As the editors themselves signal, the "volume tilts decidedly toward the literary" (5). Consequently, the balance of this collection is not so much about medieval women and their material objects, but rather the objectification of women and medieval women's interaction with objects in literature. The first section contains essays that consider fictional women and their relationship to objects in three of Chaucer's Canterbury Tales . The second portion examines how flesh-and-blood medieval women used objects, both in literature and as patrons/owners. Three of the essays in this section interrogate medieval women's interaction with specific objects of material culture. The last group of essays examines women's bodies as object in law, literature and as subject to the gaze. Since the volume is focused entirely on late medieval England and France, a subtitle that refined the rather all-encompassing "Medieval Women and their Objects" would have helped better capture the volume's contents.

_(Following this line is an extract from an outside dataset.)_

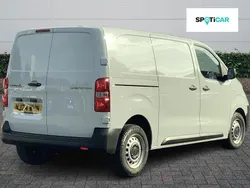 White Used 2024 Citroën Dispatch MPV | £18,995 (Fair price)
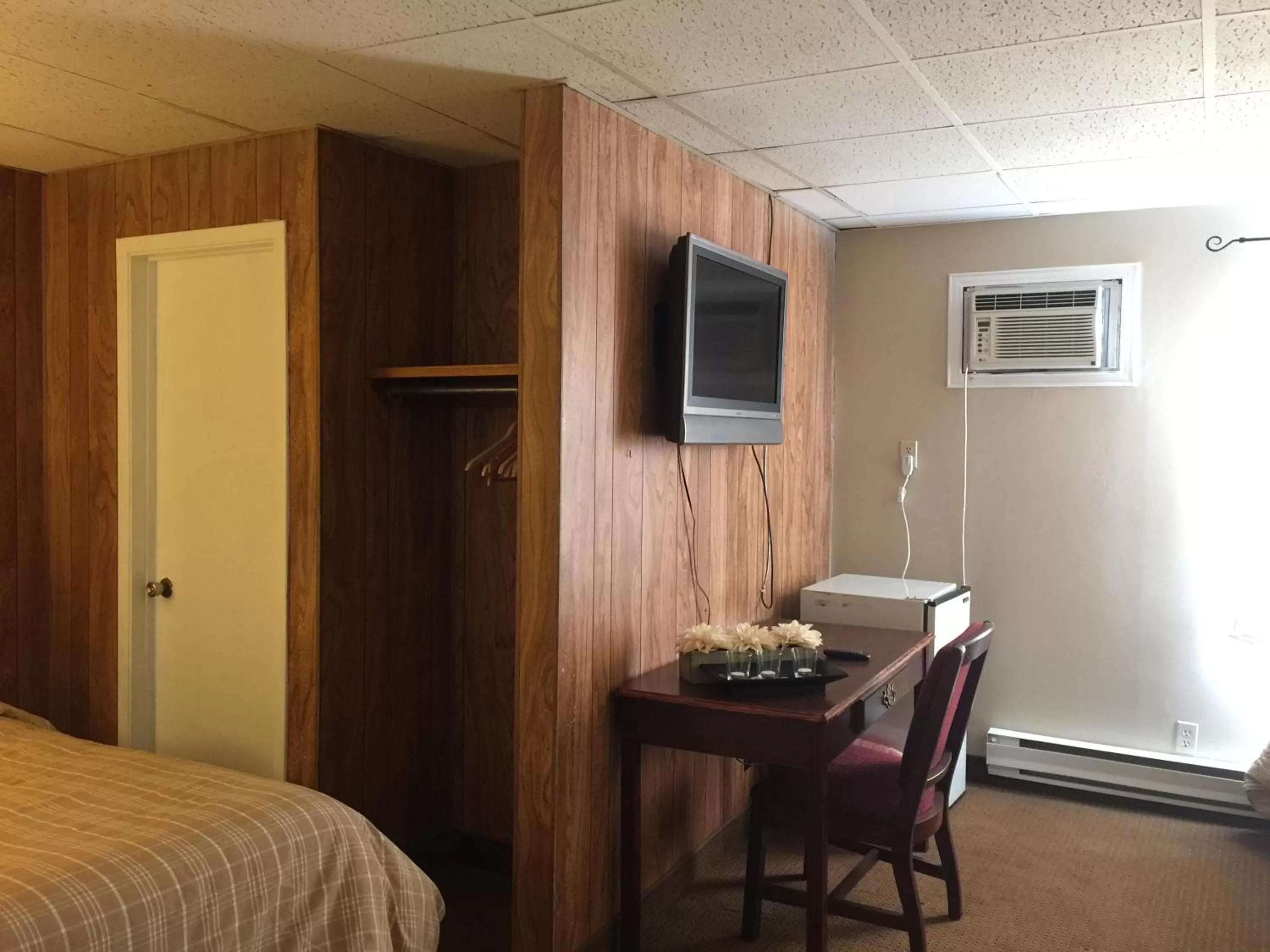 TV and multimedia, Bed in The Falls Family Lodge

This essay collection hangs together well. The contributions build upon and respond to what the editors have identified as central to Collette's scholarship: "seeking out the kinds of knowledge and agency [medieval women] managed to muster despite the odds against them in a culture that offered women many fewer opportunities for education or intervention in public life" (10). The volume contains several stand-out essays that answer this call by challenging current interpretations of women in late medieval culture. Mason Bradbury's analysis of Zenobia's objects forces reconsideration not only of this literary figure, but also how material culture associated with women is interpreted. Is a female-gendered object like a distaff necessarily indicative of less power than those objects associated with male rulers? Similarly, Jenny Adams's analysis of the chess scene in The Book of the Duchess reframes the queen as a powerful figure capable of transecting gender boundaries. In her consideration of Anne of Bohemia, Staley shows that real-life queens--like the chess queen--could exercise a special moral power on the political chessboard of late medieval England. Davis's examination of the design of the Collège de Navarre puts Jeanne front and center in its conception and realization, building on recent scholarship that moves women from the shadows and gives them agency in such projects. Wogan-Browne and Havens's interrogation of devotional manuscripts owned by two medieval women sheds further light on women's networks--familial, spiritual, and intellectual. Hence, they deepen understanding of late medieval women's literary agency and their books.

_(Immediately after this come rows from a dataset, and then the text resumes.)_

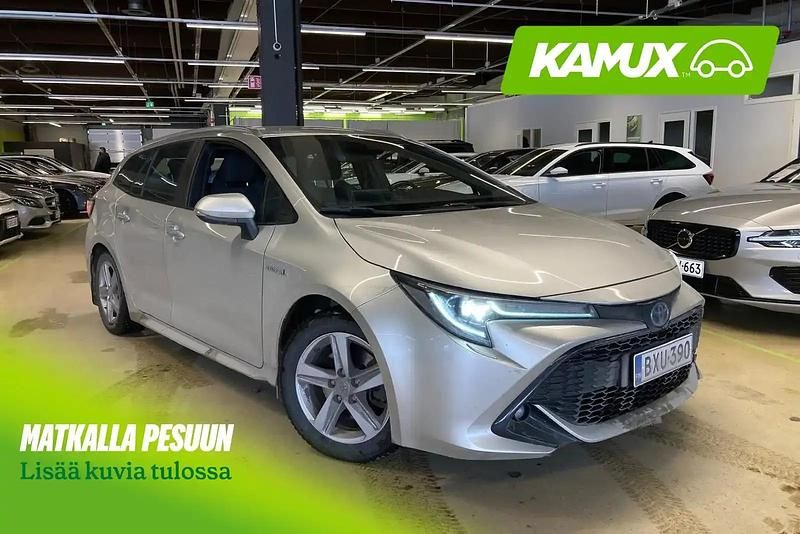 Käytetty Toyota Corolla Active 184 HP (135 kW) 2019 Hopea / harmaa Farmari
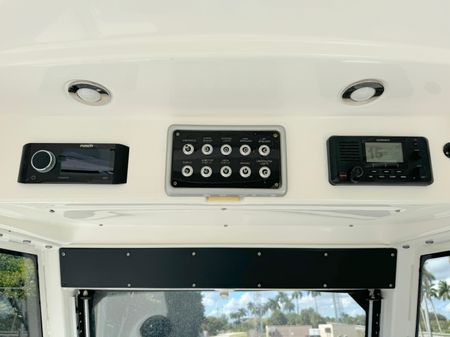 Everglades 325-CENTER-CONSOLE image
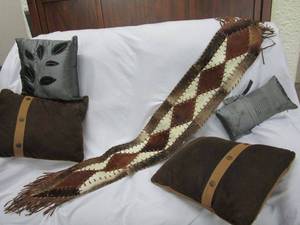 lot 554 image: DECO PILLOWS, HANDMADE RUNNER WITH LEATHER AND APPEARS TO BE DIFFERENT ANIMAL FUR.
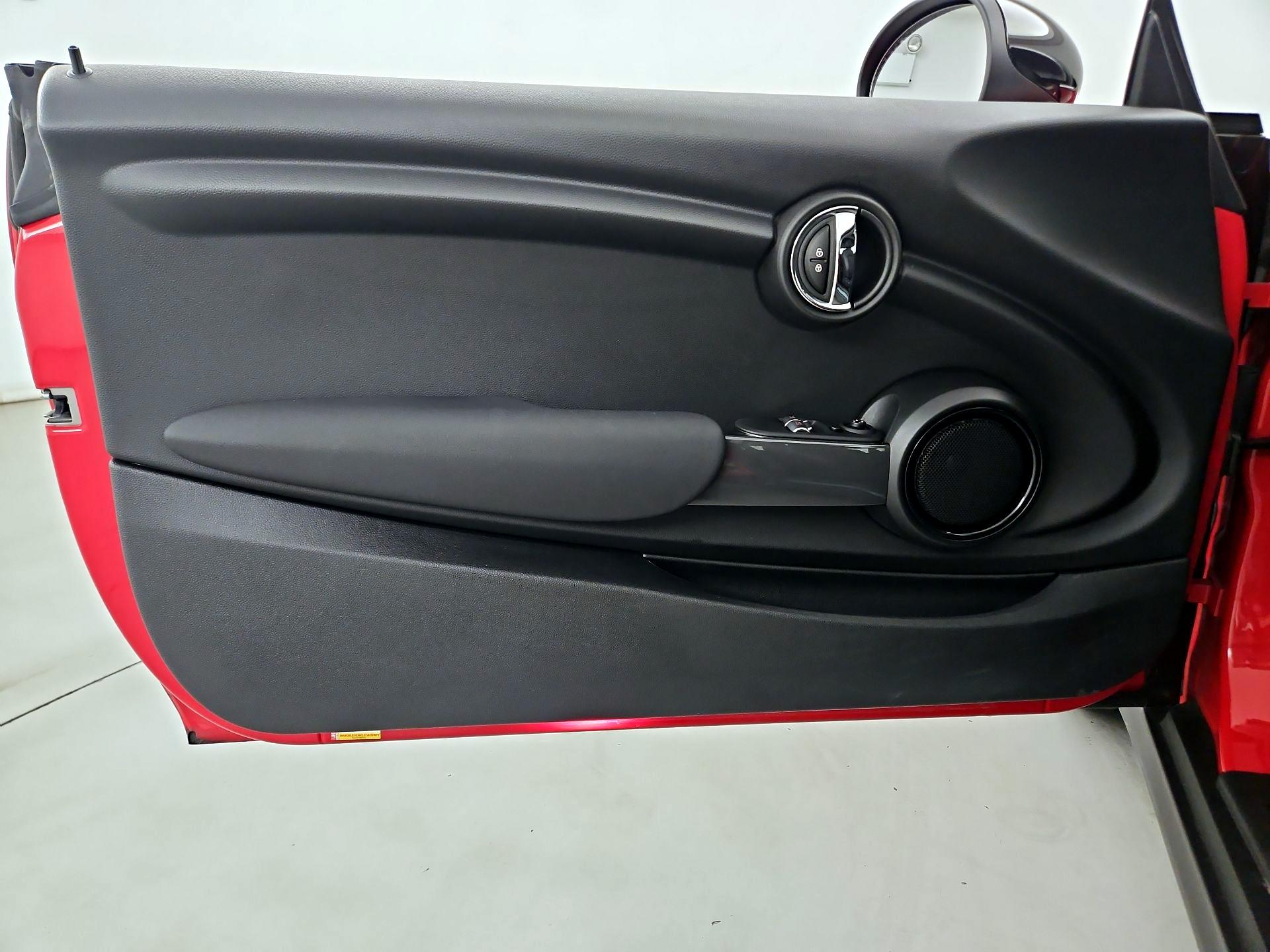 Thumbnail: 2019 MINI Cooper Hardtop - 12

Medieval Women and Their Objects demonstrates how analysis of material culture in literary texts, as well as texts themselves as objects, can yield exciting new information that challenge long-held notions about women in late medieval Europe. Similarly, those essays examining women and physical objects establish women's agency in their development, creation and dissemination. As such, the volume serves as fitting tribute to the scholarly contributions of Carolyn P. Collette.